Global growth and weaker pound push profits to record high

12 Feb 2018

Global growth and weak pound push profits to record high

According to new research, profits at UK-listed companies hit record highs in 2017, driven by a stronger global economy and a weaker pound.

The most recent Profit Watch report from The Share Centre studied the financial statements of the UK’s 350 largest listed firms.  The report found that those companies reporting their annual results between October and December posted record sales and profits.

Revenues as a whole rose 12.6 per cent to a record £126.6 billion, with ten sectors recording rising revenues, and only one, the banking sector, seeing a fall.

The strongest growth noted were internally-focused companies as they got the most significant boost from the weakness in sterling. However, The Share Centre said even without exchange-rate gains as a contributing factor, many companies would have still booked record profits.

Pre-tax profits jumped 44.8 per cent to a new record of £11.2bn, with nine out of 10 companies boasting an increase. Among the top 100, pre-tax profits climbed by more than half, far faster than the next 250, but there was also a jump of almost a third for mid-caps.

Investment research analyst at The Share Centre, Helal Miah, said: “Whichever way you look at it, UK plc has performed well. Even without the added sheen of exchange-rate gains, we would have seen record-breaking results. Sales are climbing across the board, earnings are looking healthier still, and there is more to come.

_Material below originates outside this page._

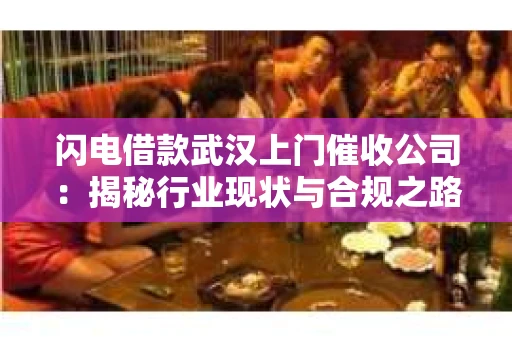 闪电借款武汉上门催收公司：揭秘行业现状与合规之路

“Fading exchange-rate gains in 2018 won’t hold back the UK’s largest companies. With the wider global economy in great shape, multinationals will profit from strong trading conditions in their overseas businesses, and manufacturers and exporters will enjoy rising demand for their goods.”

However, he added that domestically sensitive sectors, such as construction, seem to be on shakier ground.

“These depend more on investment into the UK and confidence in its economy. The high-profile collapse of Carillion, which had a large construction division, testifies to these pressures. Companies that depend on consumer demand at home are likely to see their profits underperform, as real incomes continue to fall.”